Unsupervised change detection in satellite images time series

1. Context and objectives

For teams dedicated to analyzing satellite imagery and detecting changes, the large temporal and spatial scale makes it tedious to identify the most relevant changes to analyze (e.g., the appearance of a deforestation zone, detection of a new building/road in an area of interest, flooding/drying of land). The proposed approach is as follows:

• Extract local image representations using large visual or multimodal foundation models, both general and in-domain (SAM2, DinoV2, Clay, Anysat)
• Detect changes in local representations from one image to another within a time series
• Cluster the variations in local representations
• Detect the most relevant atypical variations by ranking them based on rarity or magnitude of change

The analyst can then select a change from among the atypical variations detected by the model and focus their attention on this type of change at other points in the time series or in another area (another time series).

After exploring the Dynamic Earth Net dataset, the study compared the performance of various foundation models in detecting labeled changes in the ground truth. The most effective models were then used to extract time series of satellite image embeddings to implement unsupervised change detection methods.

2. Dataset and preprocessing

We used for this project the Dynamic Earth Net Dataset (see Figure 1). It can be downloaded here.

Figure 1 - Visualization of the Dynamic Earth Net Dataset

This dataset consists of daily, multi-spectral satellite observations of 75 selected areas of interest distributed over the globe with imagery from Planet Labs. These observations are paired with pixel-wise monthly semantic segmentation labels of seven land use and land cover (LULC) classes.

After carefully checking the alignment of the images, necessary for our change detection task, we estimated ground truth changes based on the LULC labels.

3. Foundation models benchmark

Image embeddings were generated using four foundation models:

• SAM2 (general)
• DinoV2 (general)
• Clay (trained on satellite images)
• Anysat (trained on satellite images)

We compared the evolution of embeddings per patch to aggregated ground truth changes per patch to evaluate each model's performance.

Figure 2 - Comparison Methodology between extracted embeddings and ground truth

Results were analyzed across different types of changes, including various temporal and semantic patterns. A detailed case study is presented in the next section.

4. Use case

The selected use case demonstrates an extended drought phenomenon, which is clearly visible in the satellite images (see Figure 3) and also reflected in the ground truth (see Figure 4).

Figure 3 - Extract of satellite images for the use case

Figure 4 - Ground truth evolution over time for the case study

The ROC curve for this case study shows better performance for the two in-domain foundation models: Clay and Anysat (see Figure 5).

Figure 5 - ROC Curve obtained for the case study

Patch-level analysis shows a strong tendency for SAM2 and DinoV2 to produce false positives.
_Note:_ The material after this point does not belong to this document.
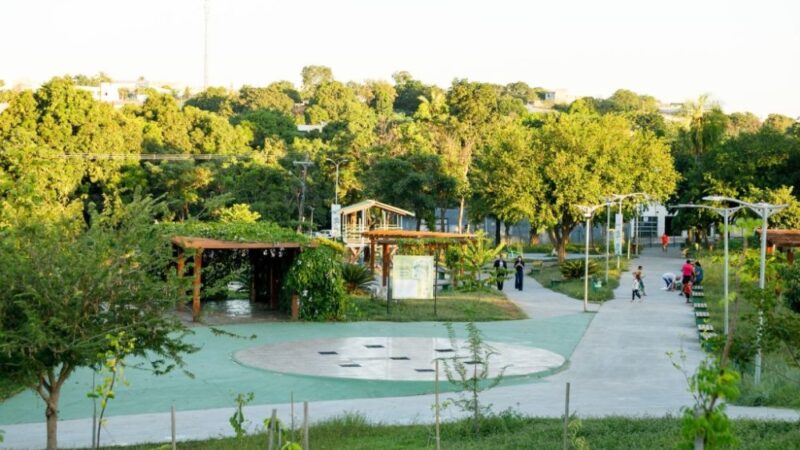 Parque da Família receberá ipês em memória das vítimas de feminicídio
Their larger patch size also makes detection less precise (see Figure 6).

Figure 6 - Comparison of the performance of the four models on the drought use case

5. Automatic change detection

We tested a local change detection method per patch by comparing new observations to reference observations, as illustrated in Figure 7.

Figure 7 - Local change detection method

Figure 8 shows that two clusters are clearly identified: before and after the change. Both the distance-based method and the LOF (Local Outlier Factor) score allow for change identification, with the LOF method better isolating noise from real changes.

Figure 8 - Results of the local change detection method on the case study

6. Conclusion

Our study demonstrates that foundation models trained specifically on satellite imagery, such as Clay and Anysat, outperform general-purpose models in detecting changes over time.

By extracting local patch-based embeddings, we were able to generate time series that facilitate unsupervised change detection, with the LOF-based method proving quite effective at distinguishing real changes from noise.

These results highlight the potential of combining in-domain foundation models with unsupervised techniques to efficiently identify relevant changes in large-scale satellite datasets.

Future work should focus on testing the robustness of these methods on reconstructed images or images with varying lighting conditions, refining the distinction between semantic and non-semantic changes, and further evaluating the performance of Clay and Anysat across different types of changes.

Additionally, we aim to develop a hierarchical approach to change detection, clustering different types of changes and prioritizing them based on their atypicality.